|The Rev. Vasile Tudora guides a tour of St. John the Baptist Greek Orthodox Church's Byzantine-style cathedral in Euless. Photo: Star-Telegram/Joyce Marshall|
"This is based on the style of the cathedral in Byzantium, just smaller," he said. "In Euless, Texas, we have to be more conservative than the Byzantine emperor."
St. John the Baptist Greek Orthodox Church moved into the 8,300-square-foot building in July. But Friday was Tudora's first chance to share it with guests who came for the opening day of the annual Mid Cities Greek Fest.
The tours are part of the festival, which runs through Sunday and for 21 years has been the primary fundraiser for the building's $2.4 million cost.
From the outside, the most striking feature is a 30-foot-wide, 30,000-pound copper dome that's 65 feet above ground.
The building, based on a concept drawn by Mirela Tudora, the priest's wife, has been a decades-long dream of parishioners who made do first with a ranch-style home that was on the 4-acre site when they bought it, then with a large brick building erected in 1988.
Finally, they have a house suited to their faith, Vasile Tudora said.
The tour begins in the narthex -- the first of three rooms that form a cross -- which Tudora said represents the world of the Old Testament. It is an antechamber where people can light candles to pray for others.
The next room, the nave, has pews where parishioners sit for services. It's also where children are baptized, and it represents the world of the coming of Christ, "where we are now," Tudora said. Overhead is an elaborate polished-brass chandelier.

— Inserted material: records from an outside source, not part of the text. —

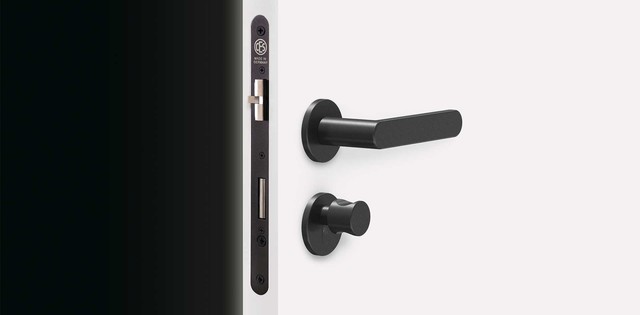 Ensemble complet avec serrure et cylindre Ensemble composé d'une serrure à mortaiser et d'un cylindre à bouton en Midnight Black monté sur porte blanche
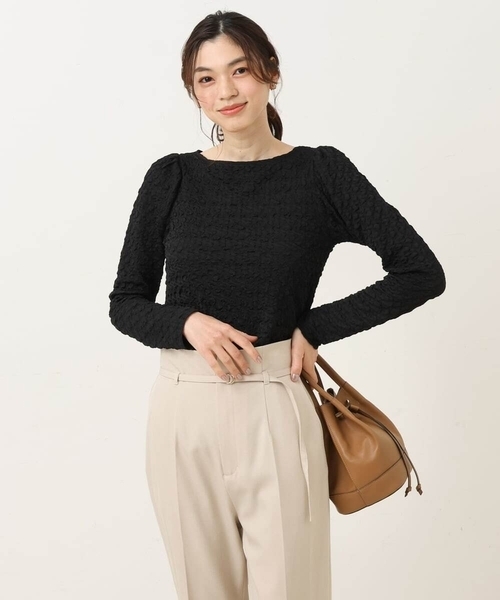 a.v.v(アーヴェヴェ)の「ギャザースリーブぽこぽこトップス(Tシャツ/カットソー・レディース・ブラック/アイボリー/ブルー・38/34/36/40/42)」の6枚目の写真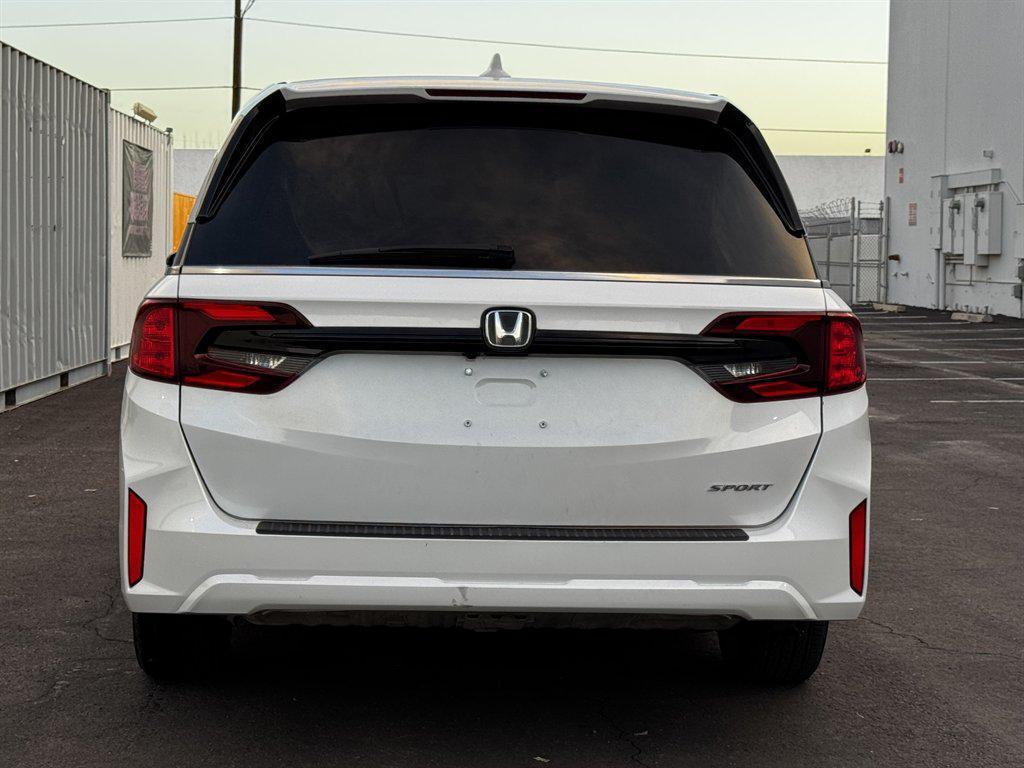 used 2025 Honda Odyssey car, priced at $29,990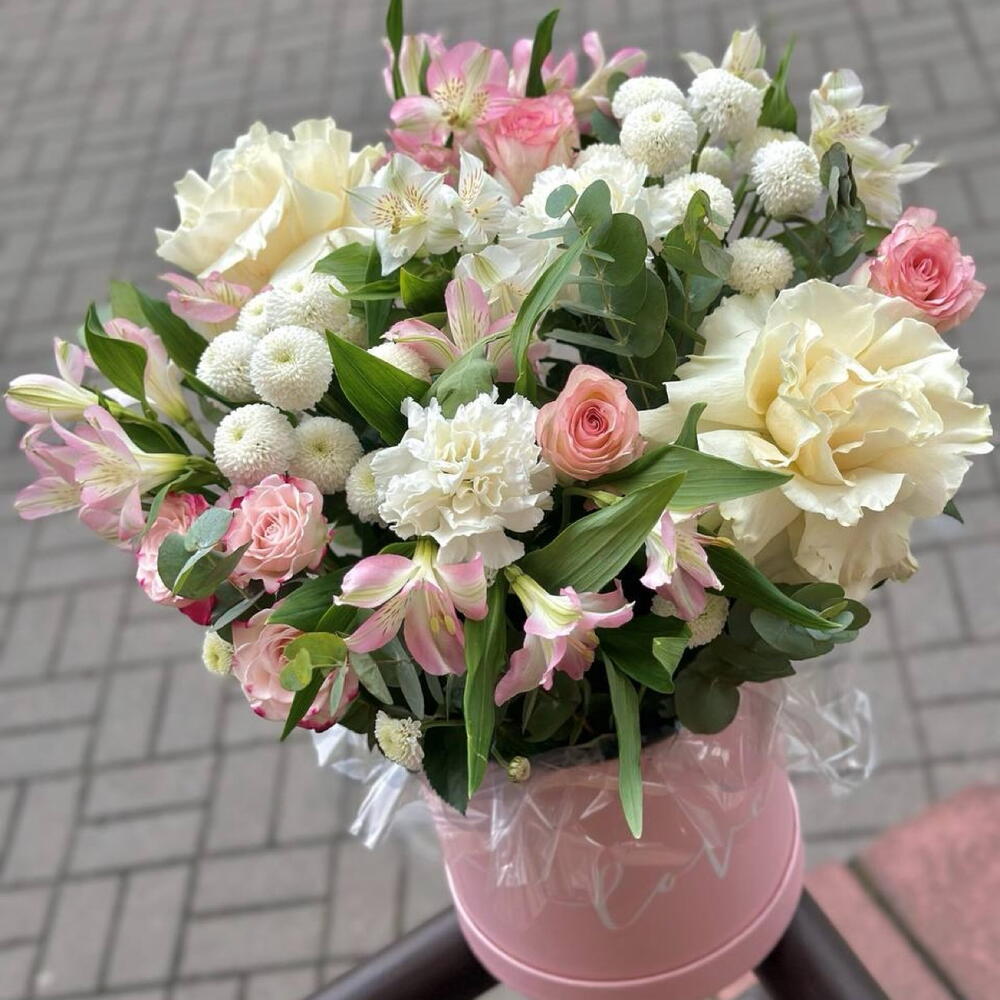 Сборная композиция в коробке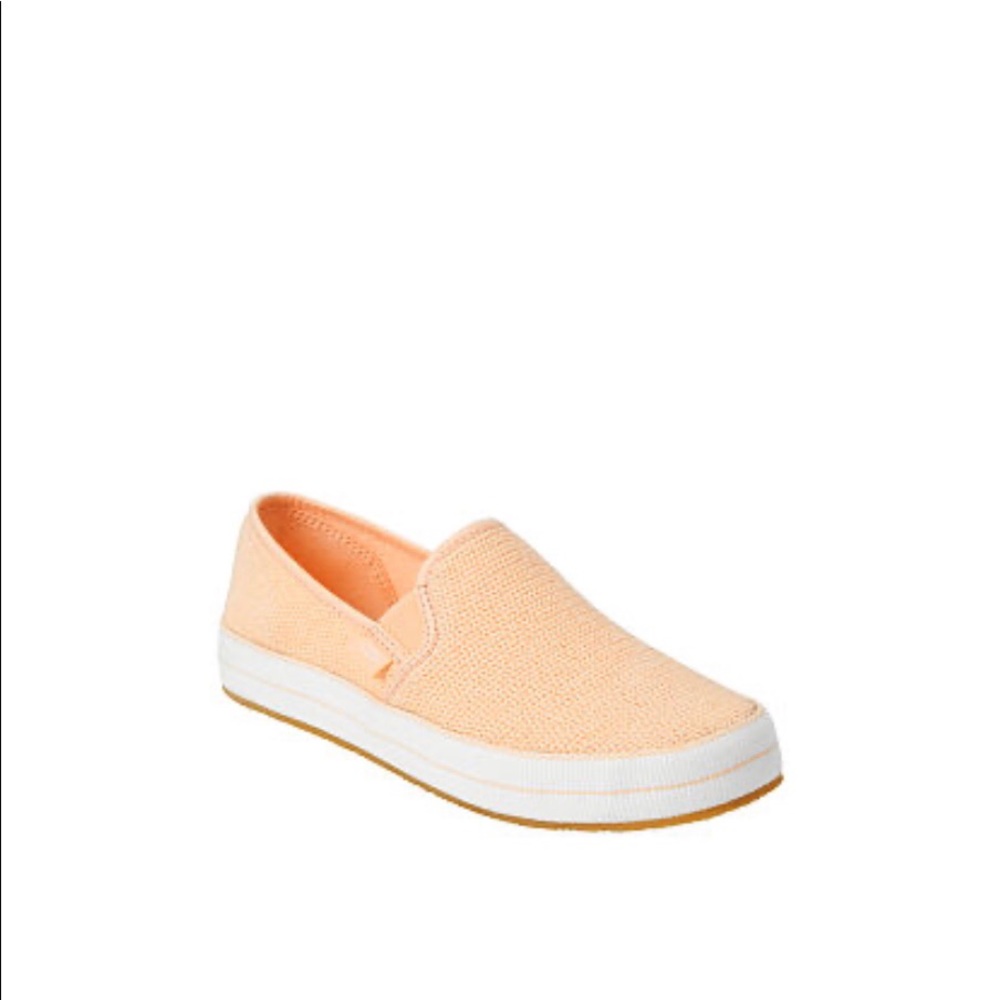 NIB Ugg Bren Slip-On Sneaker Size 10 Orange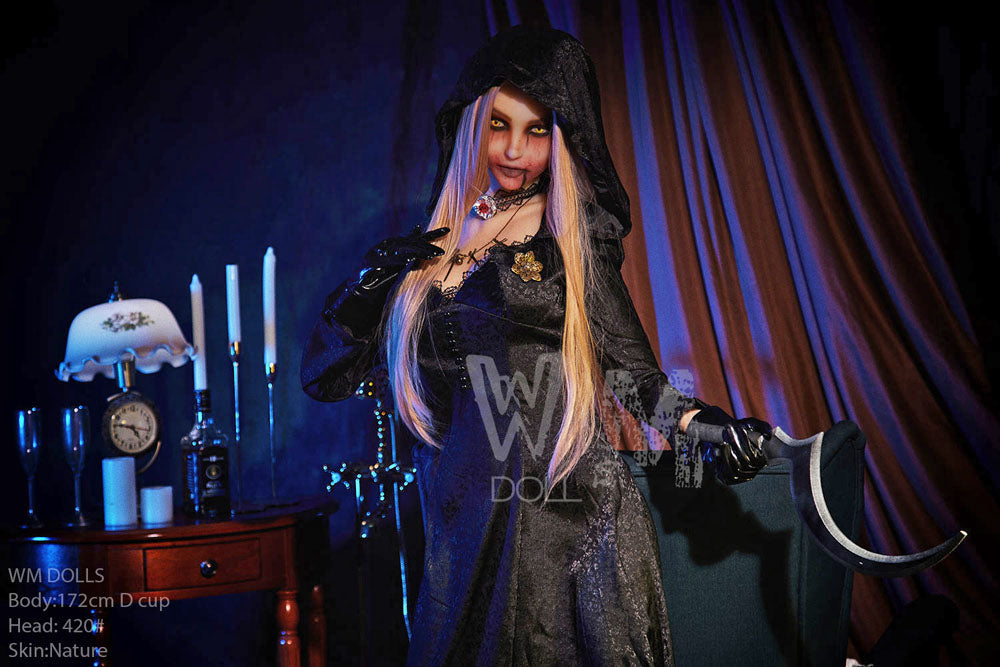 Alizee 5'6'' /  172 cm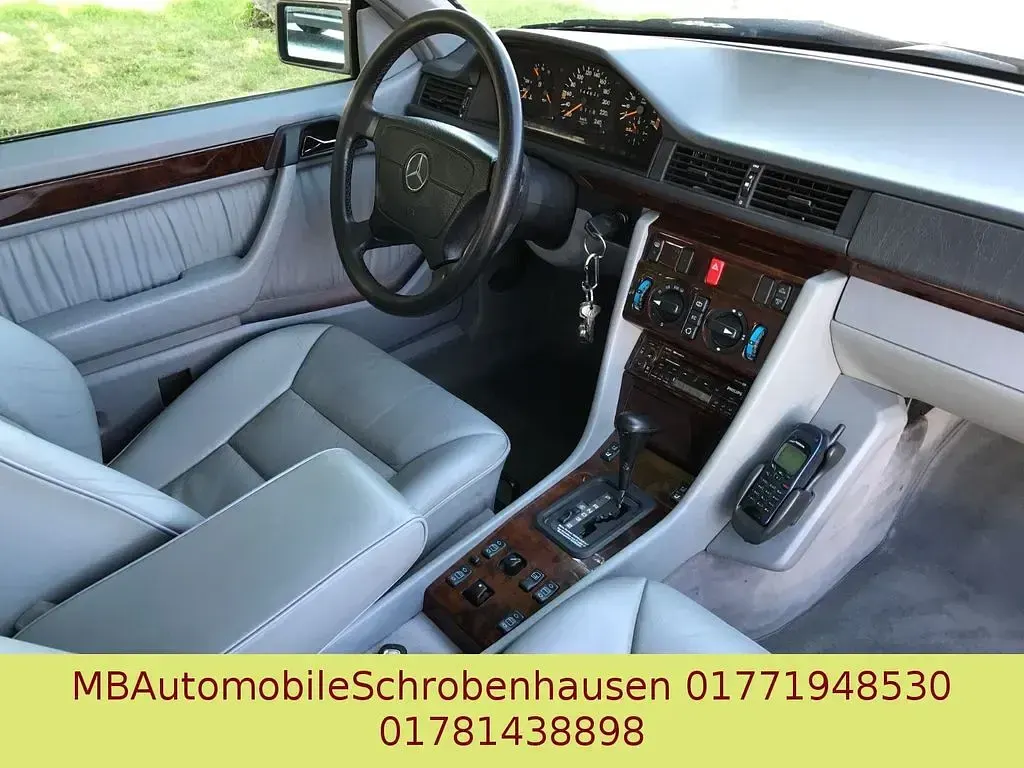 Gebraucht Mercedes E220 150 PS (110 kW) 1996 Blau Cabrio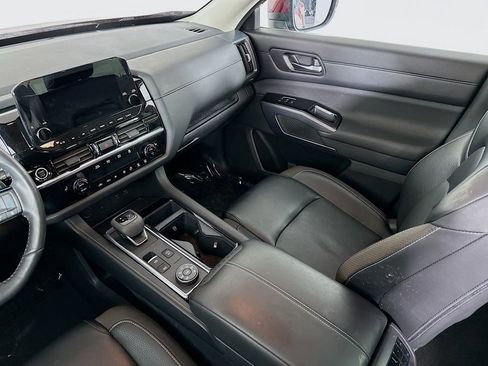 Certified 2023 Nissan Pathfinder SL image 32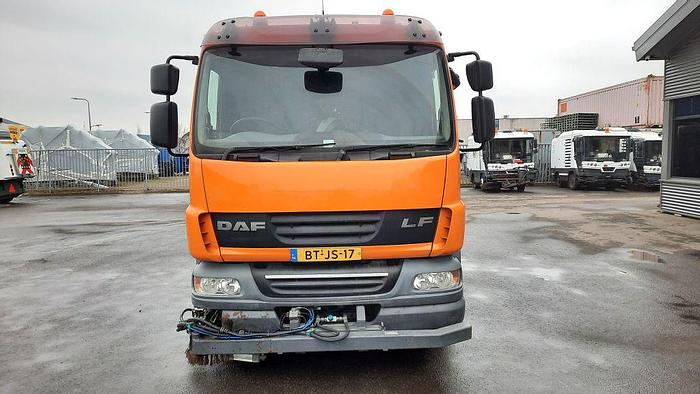Gebruikt 2007 DAF LF55 + Johnston Beam VS650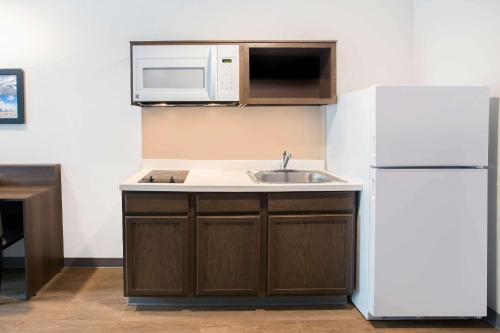 Létesítmények, WoodSpring Suites Daytona Beach Int'l Speedway near Daytona International Speedway autóversenypálya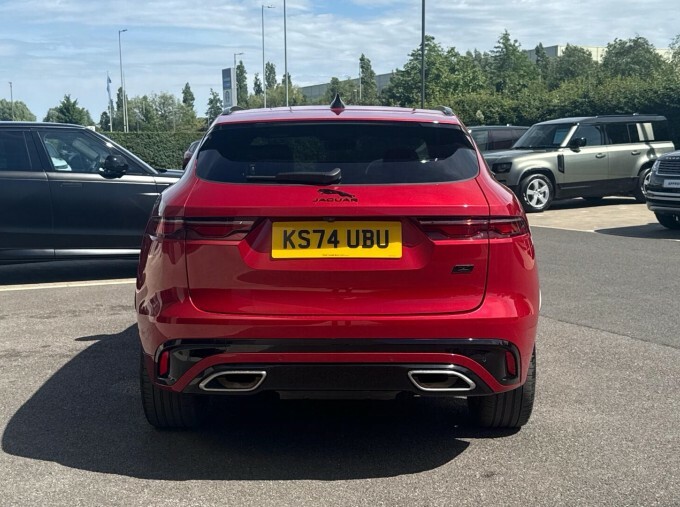 Jaguar F-Pace 3.0 D300 Mhev R-dynamic Hse Black 90Th Anniversary KS74UBU Red #6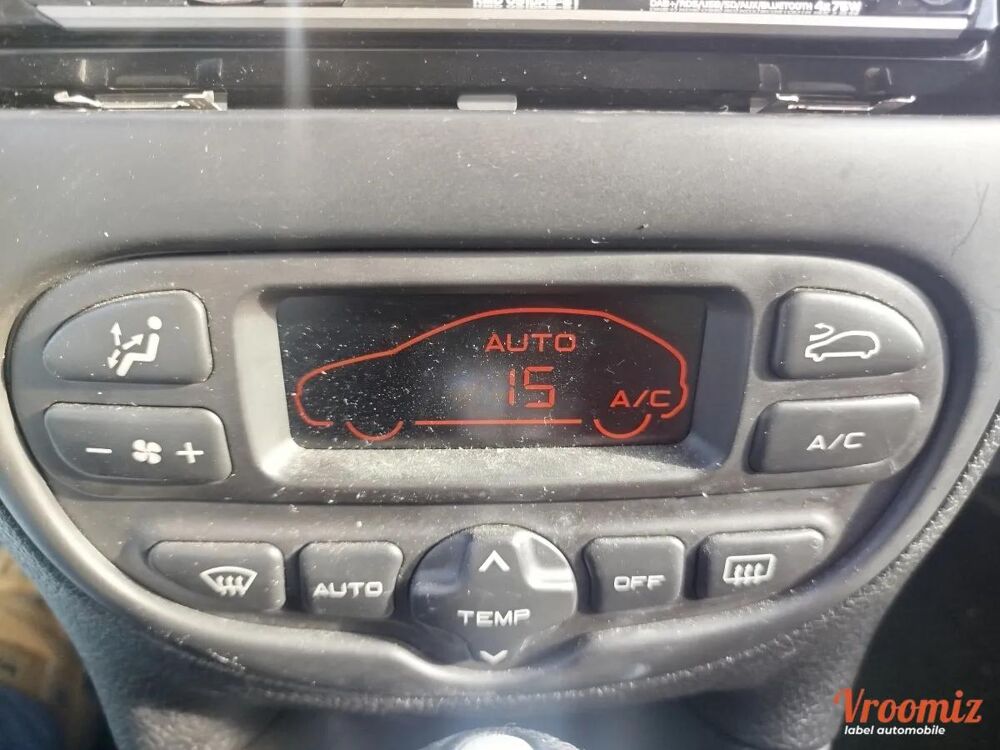 206 1.4 75 XT PREMIUM BVA 1999 occasion 45770 Fleury-les-Aubrais
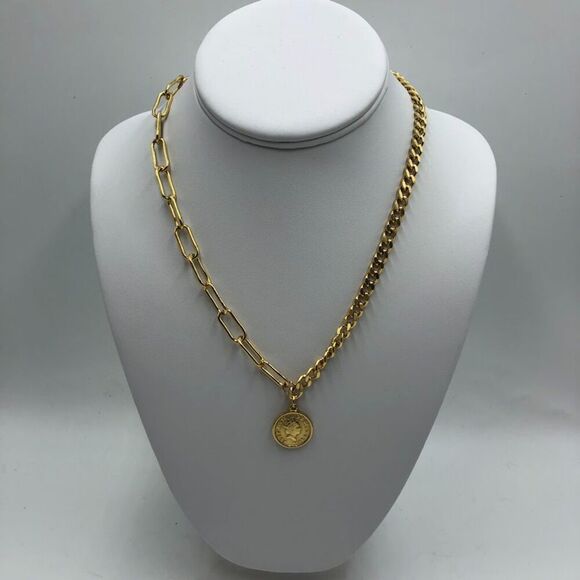18K Gold Plated Women's Queen Elizabeth Crown Coin Necklace Waterproof Chunky - Picture 3 of 13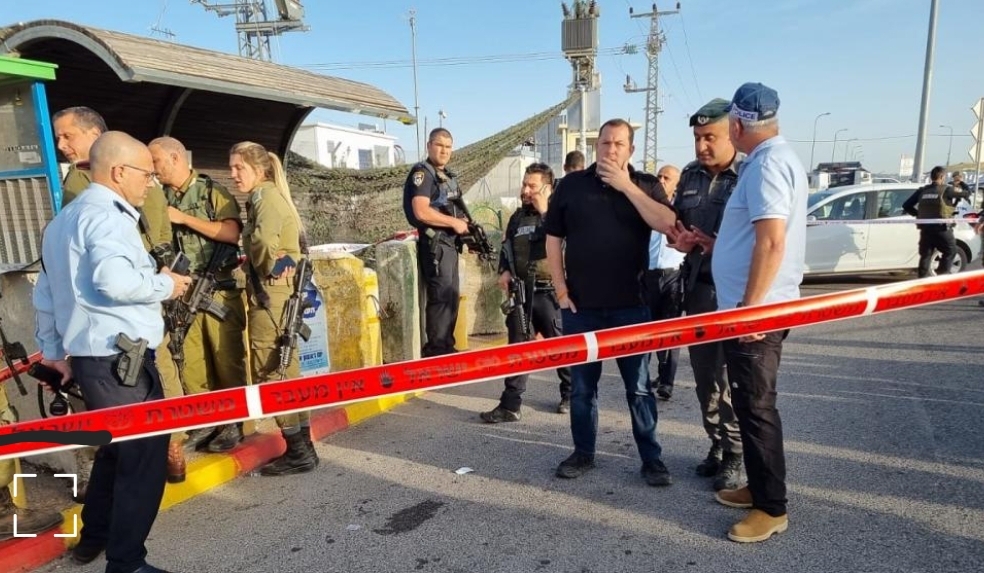 إصابة مستوطن بعملية إطلاق نار جنوب الخليل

The altar, three steps up and separated from the nave by a low wall, is the most elaborate room, with paintings depicting saints, Jesus and Mary. A small gate in the wall's center opens into the space where artifacts glisten.
"It represents the promised kingdom, opened by the death and resurrection of Christ," Tudora said.
Most who tour the church house are awed by its splendor, Tudora said. But nothing is just for decoration; there is meaning behind everything.
"For us, Christianity is not a religion; it's a way of living," he said.